Randers and his closer friends were up on the hippie scene, eschewing the classic GI activities. They spent their rather ample free time at wild parties in the Haight Ashbury district of San Francisco, taking LSD, sleeping around, listening to rock music, and reading Alan Ginsberg or Jack Kerouac. But his memoir perfectly juxtaposes these wild nights against the immense responsibilities the young men still had on their shoulders. “The Air Force was no less gentle than the Army,” Randers says. “People had Vietnam on the TV all the time but didn’t know how close we came to nuclear war.”

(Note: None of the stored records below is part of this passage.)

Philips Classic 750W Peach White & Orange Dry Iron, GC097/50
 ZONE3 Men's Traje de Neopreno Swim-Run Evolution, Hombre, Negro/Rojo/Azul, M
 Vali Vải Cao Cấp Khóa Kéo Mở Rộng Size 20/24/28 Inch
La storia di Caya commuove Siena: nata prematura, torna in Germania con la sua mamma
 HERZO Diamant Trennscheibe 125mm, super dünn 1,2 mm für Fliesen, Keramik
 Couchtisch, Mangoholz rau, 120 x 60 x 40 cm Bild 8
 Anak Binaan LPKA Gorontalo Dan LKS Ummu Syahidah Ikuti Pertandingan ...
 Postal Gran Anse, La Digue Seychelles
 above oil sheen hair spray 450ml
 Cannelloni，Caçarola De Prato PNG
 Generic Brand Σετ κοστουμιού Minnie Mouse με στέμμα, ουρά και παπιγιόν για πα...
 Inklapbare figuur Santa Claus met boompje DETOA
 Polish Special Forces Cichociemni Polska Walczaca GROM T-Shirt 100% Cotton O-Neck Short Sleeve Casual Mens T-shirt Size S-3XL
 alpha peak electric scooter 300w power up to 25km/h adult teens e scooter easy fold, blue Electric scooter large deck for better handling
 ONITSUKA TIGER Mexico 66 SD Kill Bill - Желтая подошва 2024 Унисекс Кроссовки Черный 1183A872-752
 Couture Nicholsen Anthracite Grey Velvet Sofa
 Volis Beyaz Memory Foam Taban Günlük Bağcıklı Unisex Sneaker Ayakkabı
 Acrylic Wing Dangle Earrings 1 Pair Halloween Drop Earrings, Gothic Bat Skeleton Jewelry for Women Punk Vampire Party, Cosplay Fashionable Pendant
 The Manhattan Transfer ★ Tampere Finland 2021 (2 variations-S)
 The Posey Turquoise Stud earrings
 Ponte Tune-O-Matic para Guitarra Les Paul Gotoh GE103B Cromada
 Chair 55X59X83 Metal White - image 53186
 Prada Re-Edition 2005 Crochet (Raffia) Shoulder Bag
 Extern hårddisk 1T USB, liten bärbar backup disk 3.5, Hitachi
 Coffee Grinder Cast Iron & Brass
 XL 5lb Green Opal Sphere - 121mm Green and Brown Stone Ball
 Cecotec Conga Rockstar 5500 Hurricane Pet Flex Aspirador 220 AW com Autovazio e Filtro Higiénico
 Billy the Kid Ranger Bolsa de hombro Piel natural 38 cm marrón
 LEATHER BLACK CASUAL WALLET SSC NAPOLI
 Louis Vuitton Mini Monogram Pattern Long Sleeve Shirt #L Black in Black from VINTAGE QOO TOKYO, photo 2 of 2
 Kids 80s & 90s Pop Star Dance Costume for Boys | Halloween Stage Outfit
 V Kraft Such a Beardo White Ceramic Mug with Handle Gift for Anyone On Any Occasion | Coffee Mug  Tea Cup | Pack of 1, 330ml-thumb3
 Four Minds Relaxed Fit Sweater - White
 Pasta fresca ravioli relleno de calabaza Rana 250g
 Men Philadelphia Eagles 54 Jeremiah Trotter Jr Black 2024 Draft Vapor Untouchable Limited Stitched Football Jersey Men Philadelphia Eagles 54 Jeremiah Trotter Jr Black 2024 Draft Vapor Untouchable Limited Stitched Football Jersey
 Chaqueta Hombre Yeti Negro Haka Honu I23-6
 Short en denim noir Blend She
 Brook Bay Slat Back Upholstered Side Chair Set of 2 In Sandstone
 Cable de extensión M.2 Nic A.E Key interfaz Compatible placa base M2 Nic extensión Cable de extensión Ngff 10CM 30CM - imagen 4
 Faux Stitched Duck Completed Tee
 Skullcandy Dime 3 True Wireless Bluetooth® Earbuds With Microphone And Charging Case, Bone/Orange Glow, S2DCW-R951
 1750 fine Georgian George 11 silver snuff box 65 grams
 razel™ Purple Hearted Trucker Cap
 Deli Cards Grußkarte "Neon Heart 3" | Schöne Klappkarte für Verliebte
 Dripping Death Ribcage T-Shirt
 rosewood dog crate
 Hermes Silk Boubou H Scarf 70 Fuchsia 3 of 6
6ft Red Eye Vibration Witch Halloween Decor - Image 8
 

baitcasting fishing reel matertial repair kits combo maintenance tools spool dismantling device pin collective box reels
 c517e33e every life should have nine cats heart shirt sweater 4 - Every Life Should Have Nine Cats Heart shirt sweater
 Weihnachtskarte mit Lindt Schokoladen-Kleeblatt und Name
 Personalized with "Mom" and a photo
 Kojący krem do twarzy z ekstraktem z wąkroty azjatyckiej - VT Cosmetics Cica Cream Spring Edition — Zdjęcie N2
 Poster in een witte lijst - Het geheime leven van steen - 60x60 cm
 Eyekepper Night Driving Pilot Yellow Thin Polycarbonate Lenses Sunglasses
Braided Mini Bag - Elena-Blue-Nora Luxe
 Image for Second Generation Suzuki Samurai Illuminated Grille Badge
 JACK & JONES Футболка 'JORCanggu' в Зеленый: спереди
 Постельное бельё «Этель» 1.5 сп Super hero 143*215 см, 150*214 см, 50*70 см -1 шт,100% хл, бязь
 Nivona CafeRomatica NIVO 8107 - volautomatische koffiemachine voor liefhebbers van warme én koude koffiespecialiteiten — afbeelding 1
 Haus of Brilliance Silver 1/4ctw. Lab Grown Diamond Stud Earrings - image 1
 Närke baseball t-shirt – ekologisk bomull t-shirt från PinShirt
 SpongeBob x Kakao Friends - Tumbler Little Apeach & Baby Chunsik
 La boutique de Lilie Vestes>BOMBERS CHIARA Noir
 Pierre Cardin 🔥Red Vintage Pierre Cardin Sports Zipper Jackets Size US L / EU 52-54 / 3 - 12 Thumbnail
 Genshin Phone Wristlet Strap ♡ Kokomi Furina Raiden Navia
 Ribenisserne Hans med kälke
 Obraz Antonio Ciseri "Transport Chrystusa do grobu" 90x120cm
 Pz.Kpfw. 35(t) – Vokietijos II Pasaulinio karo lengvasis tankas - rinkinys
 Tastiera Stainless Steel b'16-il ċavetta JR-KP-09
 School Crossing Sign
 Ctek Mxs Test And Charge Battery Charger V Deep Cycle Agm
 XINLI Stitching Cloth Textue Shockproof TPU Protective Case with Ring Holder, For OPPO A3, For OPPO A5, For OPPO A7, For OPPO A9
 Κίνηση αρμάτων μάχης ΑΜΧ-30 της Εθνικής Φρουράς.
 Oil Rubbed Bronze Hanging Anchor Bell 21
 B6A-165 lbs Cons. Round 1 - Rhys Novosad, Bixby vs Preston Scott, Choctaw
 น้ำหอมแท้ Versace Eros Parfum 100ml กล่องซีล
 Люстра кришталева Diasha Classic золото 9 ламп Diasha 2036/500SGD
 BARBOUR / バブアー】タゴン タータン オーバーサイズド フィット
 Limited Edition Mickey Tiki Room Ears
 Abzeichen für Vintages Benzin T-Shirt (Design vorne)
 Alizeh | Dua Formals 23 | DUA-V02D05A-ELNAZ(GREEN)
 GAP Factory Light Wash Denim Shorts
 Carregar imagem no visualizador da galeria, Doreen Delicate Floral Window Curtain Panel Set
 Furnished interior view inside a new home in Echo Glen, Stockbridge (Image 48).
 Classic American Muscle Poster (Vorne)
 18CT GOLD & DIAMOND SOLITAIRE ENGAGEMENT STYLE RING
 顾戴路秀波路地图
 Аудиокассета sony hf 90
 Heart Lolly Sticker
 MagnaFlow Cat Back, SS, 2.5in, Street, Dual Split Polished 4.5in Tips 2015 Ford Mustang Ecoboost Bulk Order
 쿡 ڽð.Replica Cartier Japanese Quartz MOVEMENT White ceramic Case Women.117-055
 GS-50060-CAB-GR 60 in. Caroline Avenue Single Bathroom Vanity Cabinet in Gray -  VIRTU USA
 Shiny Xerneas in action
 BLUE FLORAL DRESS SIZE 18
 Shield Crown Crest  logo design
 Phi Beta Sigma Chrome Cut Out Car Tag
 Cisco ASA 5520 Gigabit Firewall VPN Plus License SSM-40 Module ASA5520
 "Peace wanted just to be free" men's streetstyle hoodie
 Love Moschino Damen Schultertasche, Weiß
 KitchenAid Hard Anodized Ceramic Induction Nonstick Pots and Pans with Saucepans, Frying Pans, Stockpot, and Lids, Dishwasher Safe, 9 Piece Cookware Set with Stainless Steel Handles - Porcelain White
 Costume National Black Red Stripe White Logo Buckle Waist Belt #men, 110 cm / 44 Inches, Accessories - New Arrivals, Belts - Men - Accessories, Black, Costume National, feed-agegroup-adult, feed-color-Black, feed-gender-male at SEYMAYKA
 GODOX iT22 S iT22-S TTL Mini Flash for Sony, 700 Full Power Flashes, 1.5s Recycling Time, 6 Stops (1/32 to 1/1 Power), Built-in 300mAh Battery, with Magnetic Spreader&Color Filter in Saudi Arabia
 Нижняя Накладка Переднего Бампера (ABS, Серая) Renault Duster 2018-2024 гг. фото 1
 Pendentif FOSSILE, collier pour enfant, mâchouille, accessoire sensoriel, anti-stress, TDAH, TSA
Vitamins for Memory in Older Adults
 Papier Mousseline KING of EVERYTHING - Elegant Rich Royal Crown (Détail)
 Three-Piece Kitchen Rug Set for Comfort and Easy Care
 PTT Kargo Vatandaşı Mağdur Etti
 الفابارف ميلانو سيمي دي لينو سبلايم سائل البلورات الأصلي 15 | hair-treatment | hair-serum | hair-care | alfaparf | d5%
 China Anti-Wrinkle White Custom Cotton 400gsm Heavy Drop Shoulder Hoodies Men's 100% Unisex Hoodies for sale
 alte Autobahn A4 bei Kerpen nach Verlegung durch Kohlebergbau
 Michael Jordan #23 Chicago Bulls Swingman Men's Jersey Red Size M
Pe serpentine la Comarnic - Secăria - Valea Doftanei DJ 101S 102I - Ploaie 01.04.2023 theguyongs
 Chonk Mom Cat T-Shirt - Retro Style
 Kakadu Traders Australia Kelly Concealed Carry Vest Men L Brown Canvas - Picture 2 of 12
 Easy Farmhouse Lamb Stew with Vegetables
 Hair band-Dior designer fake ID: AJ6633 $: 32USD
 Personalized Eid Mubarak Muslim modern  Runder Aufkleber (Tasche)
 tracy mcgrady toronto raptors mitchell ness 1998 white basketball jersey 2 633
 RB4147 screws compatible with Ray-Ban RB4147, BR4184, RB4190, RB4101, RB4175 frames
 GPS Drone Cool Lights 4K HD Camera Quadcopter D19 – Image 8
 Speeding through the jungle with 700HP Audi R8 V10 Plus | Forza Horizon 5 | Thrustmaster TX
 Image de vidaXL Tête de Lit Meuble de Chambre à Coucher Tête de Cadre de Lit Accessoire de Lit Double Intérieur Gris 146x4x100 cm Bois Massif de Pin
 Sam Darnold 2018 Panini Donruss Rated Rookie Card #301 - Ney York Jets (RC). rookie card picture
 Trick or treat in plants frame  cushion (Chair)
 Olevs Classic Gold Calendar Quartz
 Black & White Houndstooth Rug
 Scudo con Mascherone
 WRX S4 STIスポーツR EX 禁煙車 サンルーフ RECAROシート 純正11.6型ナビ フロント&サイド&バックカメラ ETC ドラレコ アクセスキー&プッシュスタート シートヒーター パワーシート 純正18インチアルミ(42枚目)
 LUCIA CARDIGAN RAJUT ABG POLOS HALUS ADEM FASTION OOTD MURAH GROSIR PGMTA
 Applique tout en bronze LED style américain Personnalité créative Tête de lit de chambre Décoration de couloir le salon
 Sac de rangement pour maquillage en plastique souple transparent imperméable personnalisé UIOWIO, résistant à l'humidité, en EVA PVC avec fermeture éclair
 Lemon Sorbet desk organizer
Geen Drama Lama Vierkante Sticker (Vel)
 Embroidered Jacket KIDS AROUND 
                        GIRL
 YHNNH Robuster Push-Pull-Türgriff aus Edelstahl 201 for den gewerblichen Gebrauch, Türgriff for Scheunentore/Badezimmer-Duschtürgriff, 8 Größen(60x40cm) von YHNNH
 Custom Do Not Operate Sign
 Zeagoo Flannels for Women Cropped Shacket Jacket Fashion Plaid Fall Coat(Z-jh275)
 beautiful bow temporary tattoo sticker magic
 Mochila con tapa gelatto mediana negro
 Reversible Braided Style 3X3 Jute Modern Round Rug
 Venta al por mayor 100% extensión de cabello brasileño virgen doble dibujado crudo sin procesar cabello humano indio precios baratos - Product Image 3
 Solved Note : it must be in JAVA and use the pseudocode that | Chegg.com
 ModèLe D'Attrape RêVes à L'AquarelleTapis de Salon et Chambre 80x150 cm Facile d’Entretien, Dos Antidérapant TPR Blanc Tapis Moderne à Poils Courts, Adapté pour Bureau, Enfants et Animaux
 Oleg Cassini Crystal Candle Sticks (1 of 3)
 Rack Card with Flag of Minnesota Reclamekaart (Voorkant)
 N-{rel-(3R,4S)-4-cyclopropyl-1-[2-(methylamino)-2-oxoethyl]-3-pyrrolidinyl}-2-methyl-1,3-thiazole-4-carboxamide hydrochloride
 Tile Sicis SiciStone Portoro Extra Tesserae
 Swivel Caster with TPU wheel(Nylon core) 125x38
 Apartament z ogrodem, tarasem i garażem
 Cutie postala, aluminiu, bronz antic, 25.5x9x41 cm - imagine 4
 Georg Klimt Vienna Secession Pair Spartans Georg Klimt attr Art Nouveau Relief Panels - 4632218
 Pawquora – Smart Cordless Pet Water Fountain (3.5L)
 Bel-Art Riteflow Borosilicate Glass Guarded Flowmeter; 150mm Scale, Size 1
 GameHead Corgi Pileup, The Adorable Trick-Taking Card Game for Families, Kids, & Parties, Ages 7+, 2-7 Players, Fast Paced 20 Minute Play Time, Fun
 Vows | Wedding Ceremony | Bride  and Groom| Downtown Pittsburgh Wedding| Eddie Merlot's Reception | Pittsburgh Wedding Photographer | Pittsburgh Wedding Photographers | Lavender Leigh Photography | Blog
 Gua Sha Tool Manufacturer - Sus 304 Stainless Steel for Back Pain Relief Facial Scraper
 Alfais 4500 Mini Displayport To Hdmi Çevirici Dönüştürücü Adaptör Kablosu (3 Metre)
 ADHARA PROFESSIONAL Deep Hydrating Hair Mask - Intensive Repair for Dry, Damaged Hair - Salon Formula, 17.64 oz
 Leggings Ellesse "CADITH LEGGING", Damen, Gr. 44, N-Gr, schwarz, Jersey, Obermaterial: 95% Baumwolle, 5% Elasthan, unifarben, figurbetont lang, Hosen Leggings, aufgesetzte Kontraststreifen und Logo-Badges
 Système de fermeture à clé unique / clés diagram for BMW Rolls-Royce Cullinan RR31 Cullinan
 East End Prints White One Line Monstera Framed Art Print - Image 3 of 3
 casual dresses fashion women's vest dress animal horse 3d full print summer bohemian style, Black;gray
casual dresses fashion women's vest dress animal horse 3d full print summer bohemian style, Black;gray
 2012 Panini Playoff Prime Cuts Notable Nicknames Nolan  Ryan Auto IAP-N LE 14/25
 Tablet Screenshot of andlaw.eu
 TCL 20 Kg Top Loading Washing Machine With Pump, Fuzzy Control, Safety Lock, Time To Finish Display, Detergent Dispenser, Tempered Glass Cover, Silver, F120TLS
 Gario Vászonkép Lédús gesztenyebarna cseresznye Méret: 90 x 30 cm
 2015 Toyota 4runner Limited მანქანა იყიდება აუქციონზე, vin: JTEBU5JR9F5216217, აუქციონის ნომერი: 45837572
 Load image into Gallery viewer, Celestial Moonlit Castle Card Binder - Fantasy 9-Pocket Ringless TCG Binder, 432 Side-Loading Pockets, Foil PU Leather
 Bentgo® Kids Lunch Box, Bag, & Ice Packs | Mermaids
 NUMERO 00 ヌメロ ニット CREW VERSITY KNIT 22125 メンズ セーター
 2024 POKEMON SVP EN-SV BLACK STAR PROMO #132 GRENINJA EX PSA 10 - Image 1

Kirkus Reviews cites Randers’ “crystalline introspection” in describing the existential pressure that he and his buddies confronted on a daily basis. A large part of their mission was to properly prepare for potential attacks coming from Russia and to respond to Russian aircraft encroaching on American airspace, testing our domestic defenses and response times. In the book, as Randers finds himself training for how to properly handle nuclear codes, he encapsulates the high stakes pushing on him from both the military and the changing cultural landscape:
It was a huge, frightening responsibility, and if we leaked a word of it there would be an automatic court-martial and I would probably end up in the brig. We practiced for this regularly. Just practicing the procedure drove home the reality of the ’60s, with Vietnam happening, bad relations with China and Russia, plus the Cuban Missile incident. In my job, [and] in the Air Force in general, we lived with a bigger reality than boots on the ground; as horrible as that was, our constant fear was a nuclear war and annihilation….Hate speech was worldwide and we were treated like dogs by civilians. That might explain why we sometimes lived like there would be no tomorrow.
Besides the partying, Randers also escaped the pressure by finding new ways to express himself. He had been drawing and painting consistently since he was 12 years old, but out in the big, barren landscapes of both Alaska and Nevada, he found himself without a palette or any brushes. “But I could go out and write down what I saw, what I felt, and the people I was around,” Randers says. “Really, the Air Force caused me to start writing.”
Those writings eventually became stories that Randers would tell over the years as he finished his service, completed his degree, and went on to own a company that created exhibits, displays, and marketing materials. Once he retired in 2005, Randers found that many in his community responded well to his monthly column for the Maiden Rock Press, which kept bringing him back to the idea that he should commit his unique view on Vietnam to paper once again.
Eventually it was his inquisitive, energetic, 4-year-old granddaughter who inspired him to finally sit down and write Maverick Radar Airman to share what it was like for the soldiers who stayed home. “I thought about writing this book for 45 years,” Randers says, “But then I thought, ‘If I don’t write this book now, she’s not going to know anything about her grandpa. It’s just one thing, one part of my life, but it’s better than nothing.’ ”
Rhett Morgan is a writer and translator based in Paris.